Эта неоднородная группа людей, действующих в области финансов, розничной торговли или недвижимости, не обязательно объединяется в единый класс. Более того, между ними даже возможны серьезные трения. Тем не менее они обладают определенным единством интересов, и на этой основе неолиберализм признается ими как предпочтительная форма устройства общества (хотя в последнее время становятся очевидными и опасности, связанные с неолиберализмом). Некоторые организации, например Всемирный экономическим форум в Давосе, обеспечивают этим людям возможность обмениваться идеями и координировать свои действия с политическими лидерами. Эти люди обладают невероятным влиянием на международные дела и свободой действий, недоступной ни одному простому гражданину.
БУДУЩЕЕ СВОБОДЫ
История неолиберализции и формирования классовых различий, происходящих на фоне роста популярности идей Общества Мон-Пелерин в качестве основополагающих идей настоящего времени, становится особенно интересной, если сопоставить ее с контраргументами, которые выдвигал еще в 1944 году Карл Поланьи (незадолго до появления Общества Мон-Пелерин). Он указывал, что в неоднородном обществе само значение понятия «свобода» становится все более противоречивым и лживым; но одновременно именно оно побуждает людей к неким действиям. По его мнению, существует «хорошая» и «плохая» свобода. К последним он относил «свободу эксплуатации человека человеком, или свободу получать сверхдоходы, не предоставляя ничего взамен, свободу скрывать появляющиеся изобретения от общества, свободу извлекать прибыль из общественных беспорядков, заранее срежиссированных исключительно с целью личной выгоды». Поланьи продолжает: «Рыночная экономика, в условиях которой развились подобные свободы, дает возможность для развития чрезвычайно ценных свобод — свободы совести, свободы слова, свободы собраний и объединений, свободы выбора работы». Мы «высоко ценим существование этих свобод», но они в значительной степени являются «результатом той самой экономики, которая также порождает и плохие свободы»[36]. Поланьи так реагирует на эту двойственность — и эта реакция кажется странной при нынешнем господстве неолиберальной идеологии:
«Исчезновение рыночной экономики может стать началом эры невиданной свободы. С юридической и фактической точек зрения свобода может стать даже более широким и универсальным понятием, чем раньше. Законодательство и контроль могут обеспечить реальную свободу не только для немногих избранных, но для всех: Свобода перестанет быть особой привилегией, изначально запятнанной,— она станет неотъемлемым правом, распространяющимся за пределы политики, в область частных организаций, составляющих само общество. Исторически сложившиеся свободы и гражданские права будут объединены с новыми свободами, родившимися на основе появившегося свободного времени и лучшей защищенности, которые индустриальное общество готово обеспечить всем своим гражданам. Новое общество может позволить себе быть и свободным, и справедливым одновременно»[37].

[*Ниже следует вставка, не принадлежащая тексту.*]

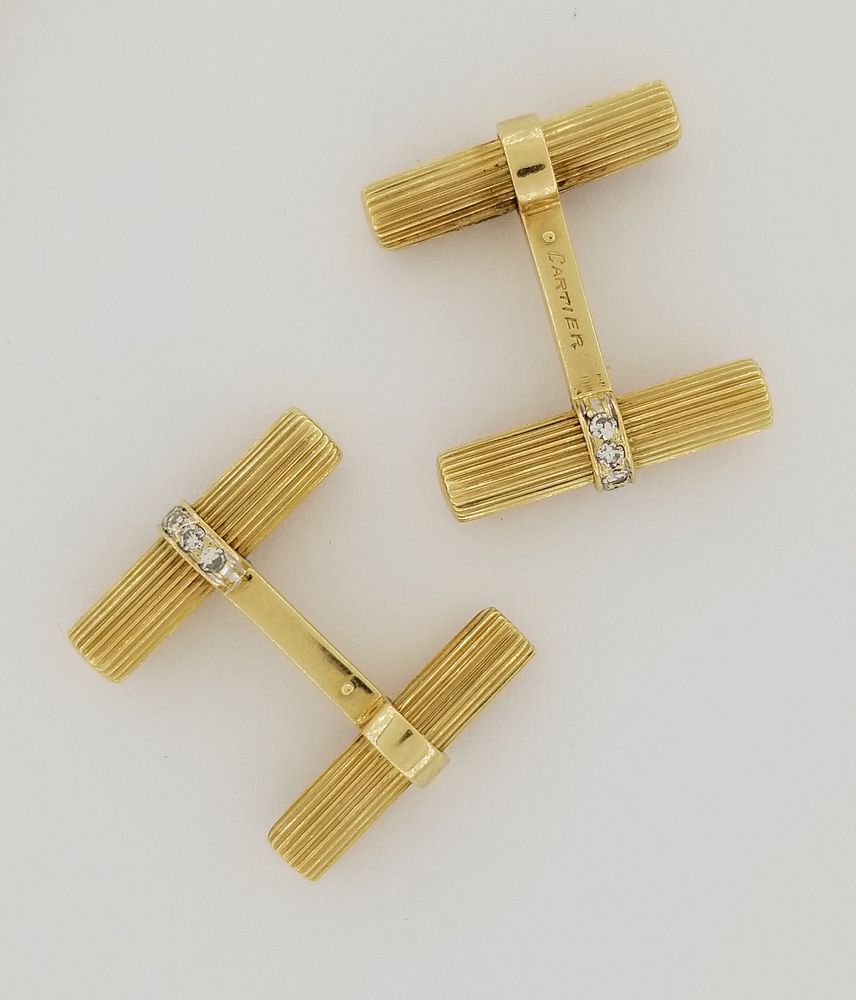 Appraisal: Cartier Interchangeable K Gold Cufflinks Cartier Interchangeable K Gold Diamond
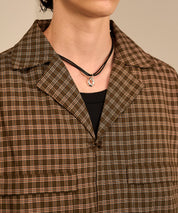 Grid Check Open Collar Shirt（Brown）
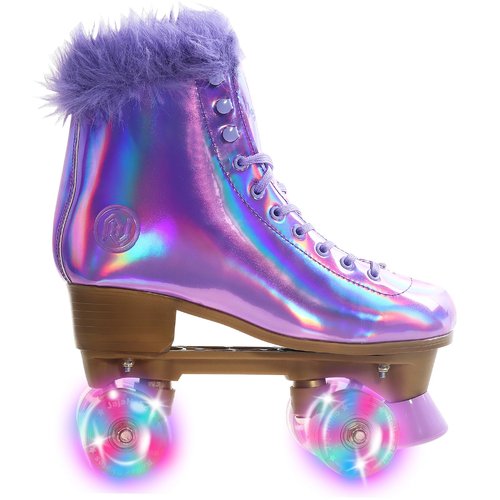 JajaHoho Roller Skates for Women, Holographic High Top Classic Rollerskates, Shiny Double-Row Purple Four Wheels Quad Skates for Girls Indoor & Outdoor (Lilac, Size 9)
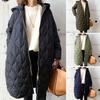 Fall Winter Women Jacket Hooded Zip-up Rhombus Texture Thin Padded Long Sleeves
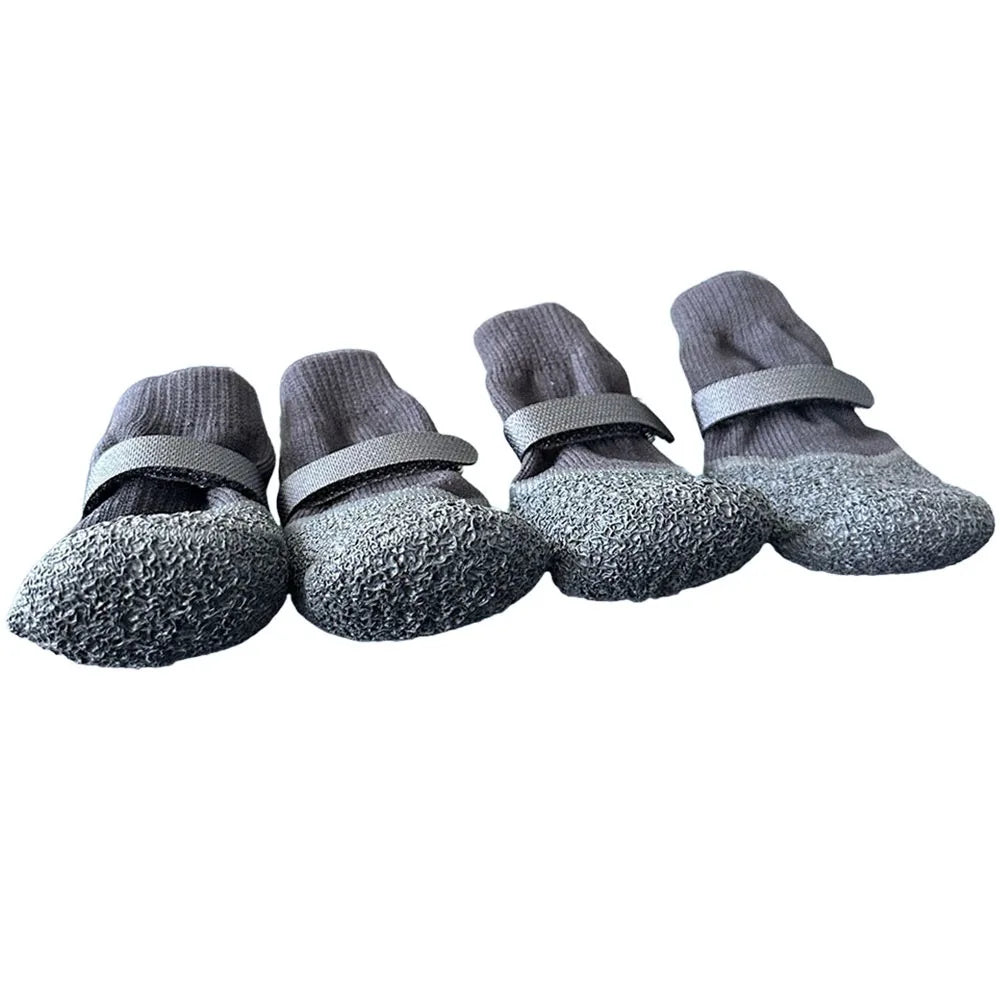 4-Pack Anti-Slip Waterproof Dog Shoes & Adjustable Pet Boots Dog Boots Richie's Grey-L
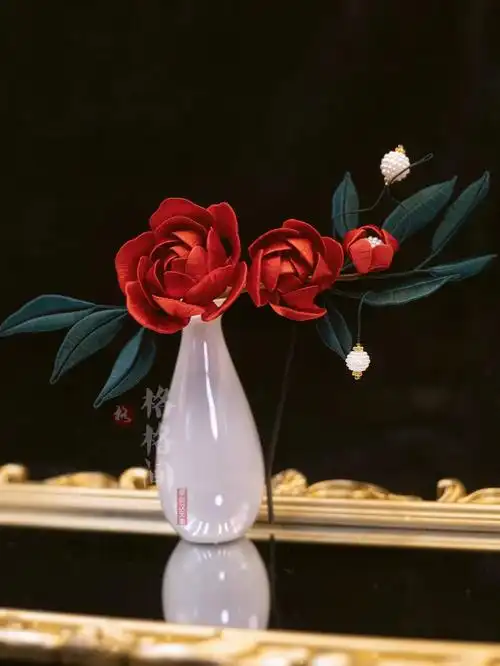 手工掐丝蝴蝶发簪古风非遗汉服格格间缠花绒花发饰现货合集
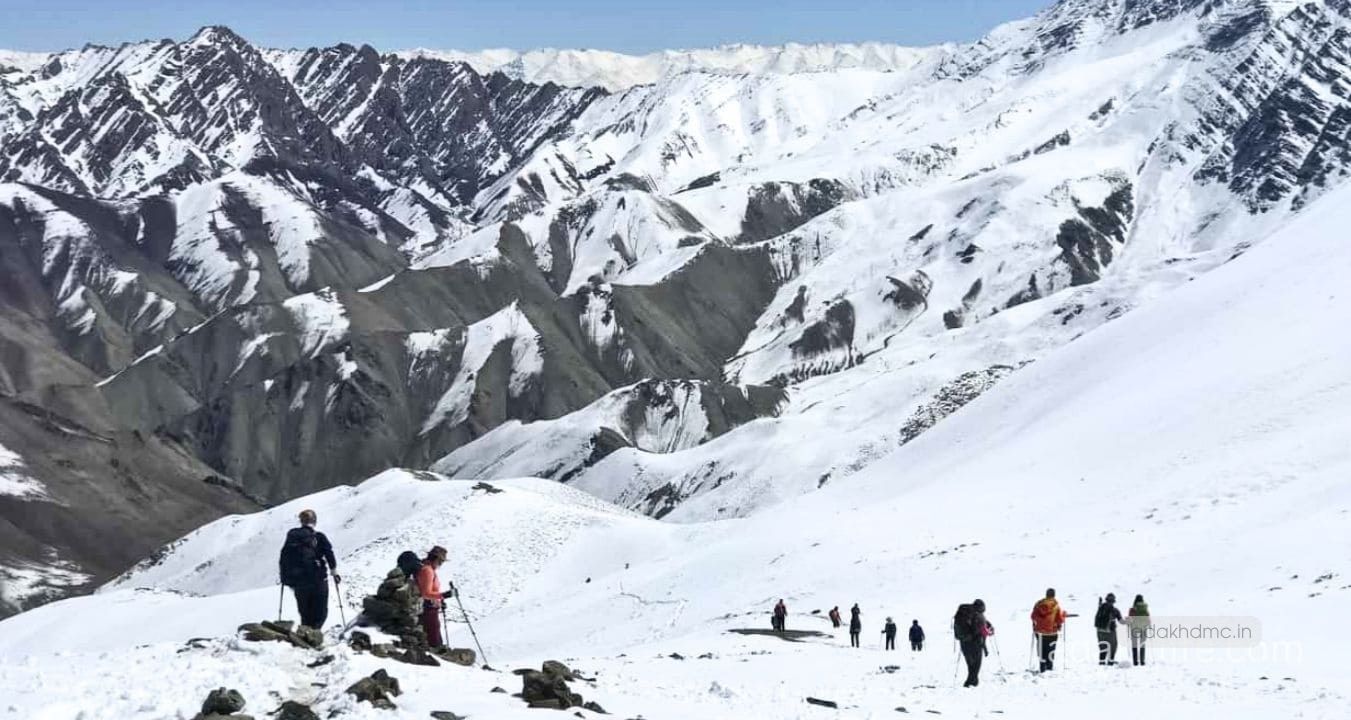 Panoramic landscape of Stok Kangri Base Camp with Himalayan peaks and valleys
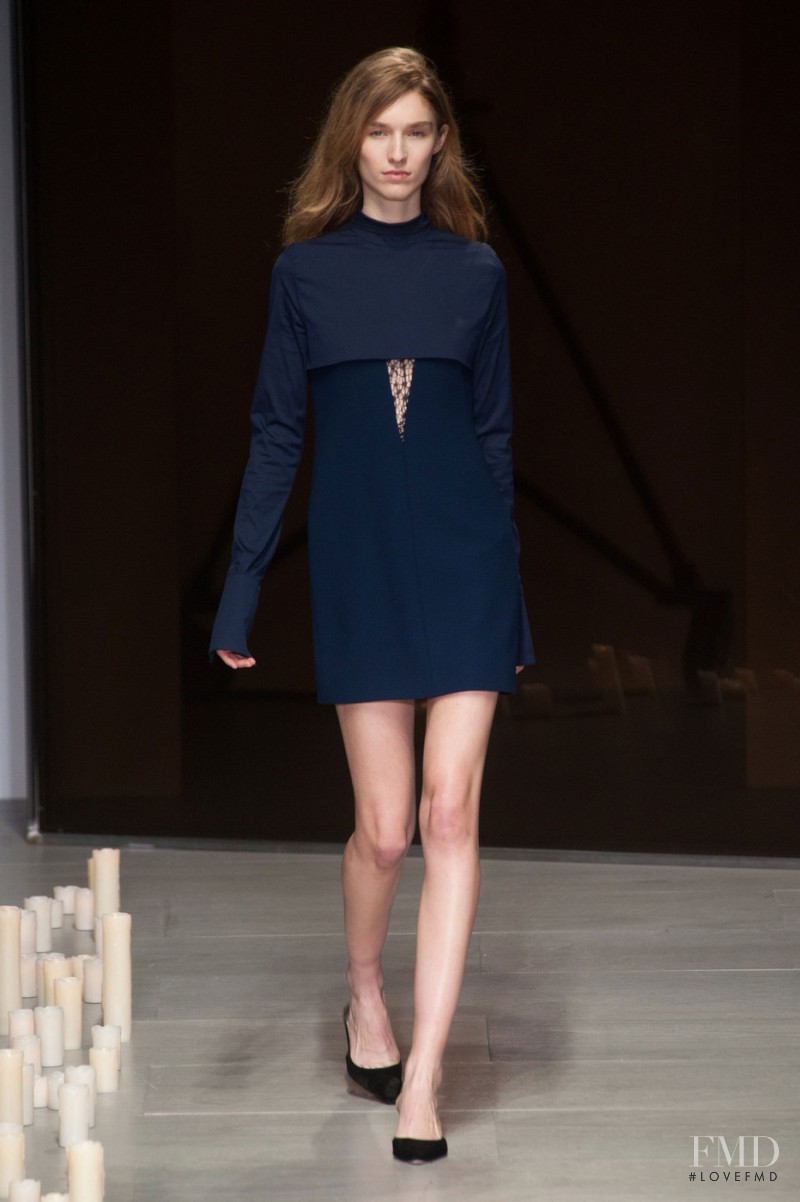 Manuela Frey featured in  the Marios Schwab fashion show for Autumn/Winter 2014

К сожалению, пишет дальше Поланьи, на пути к такому будущему стоит «моральное препятствие» либерального утопизма (в качестве примера он многократно цитирует Хайека):
«Планирование и контроль подвергаются критике как препятствующие установлению свободы. Свобода предпринимательства и частной собственности объявлены основополагающими условиями свободы. Считается, что ни одно общество, построенное на других принципах, не заслуживает называться свободным. Свобода, обеспеченная законами, объявлена несвободой. Правосудие, свобода и благополучие, обеспеченные такой свободой, часто признаются лишь замаскированным рабством»[38].